Future…passion…work?

Happy 2018! I’m 33 this year…wow, haven’t blogged for over 3 years! It’s been a while, but I’ll just get straight into it.

It’s hard to know what to blog about now since the days seem to bleed in together. I do 10,000 steps a day, I have a fulltime job, we go to church on Sundays, hike on Saturdays (sometimes), watch movies at night, etc. Why did I love blogging so much before? Did I really have so much to say? Do I really have nothing to say now? The hubby blogged about not knowing what he is passionate about, and I feel the same way. I mean, I love traveling.
This year alone, went to LA three times (going another three times…four if you count Irvine), and we also went to Chicago, Seattle, and Nashville (girl’s trip) this year. We helped my parents buy a condo last year, and I’ll be helping them permanently move there next week. It has made me partially think about renovating their house in order to rent it out and seriously start my dream for passive income…maybe that is what I want in life? Rather than having to work hard for money, have money work hard for ME! And honestly…I feel like I am not fit to do full time 40 hours/week work…I would rather do errands or cook or talk with close friends or travel.

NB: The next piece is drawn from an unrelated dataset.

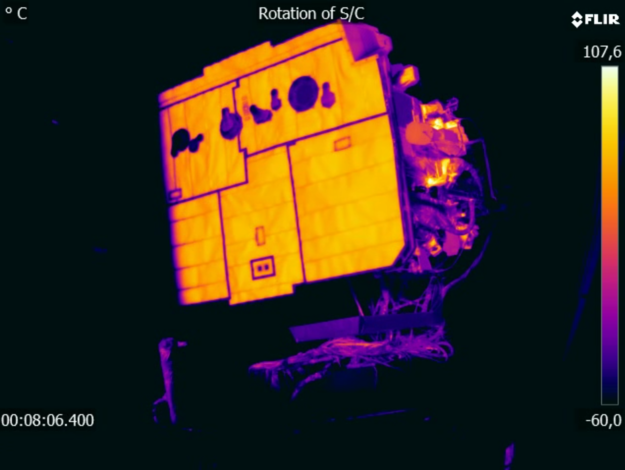 Solar Orbiter durante las pruebas de vacío térmico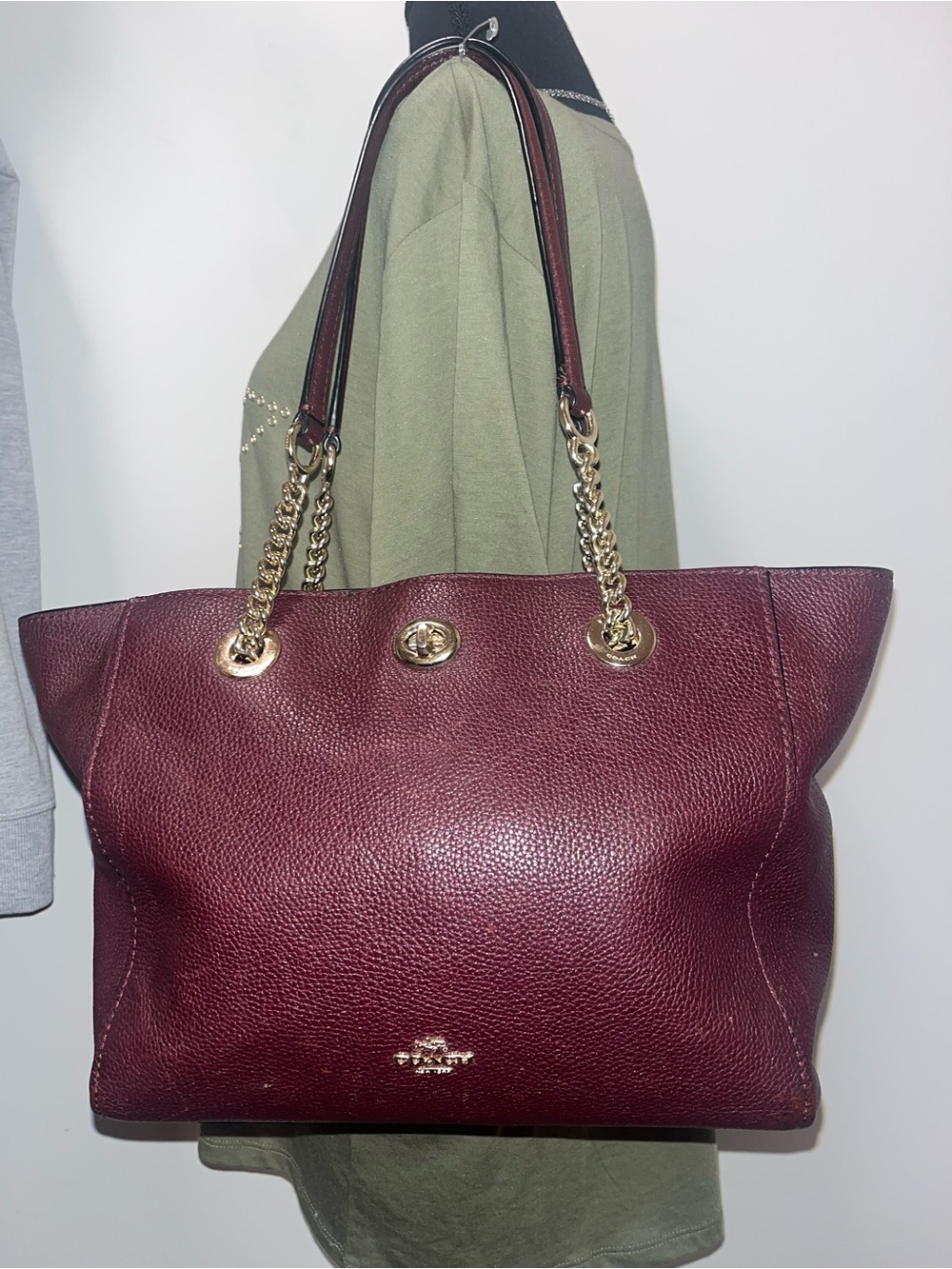 Coach Turnlock Chain Tote 27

I am always planning on when my next day off is and I try to take at least 2-3 days off a month. I know that is a customary want to have full time work, but…why do we have to be most people if we have been given the resources to survive and thrive? If we only have one life to live, you should glorify God in anything that you do. He never said that working full time IS necessary…if you do it, do it to the best of your ability…but what if full time work is just eating away at you? My back does not like sitting for so long and I don’t always like my work duties. I went into accounting because it’s stable…and another word for that is BORING. Not sure what God has in store for me, but I should probably try to be more active in making a change before my life just passes before my eyes.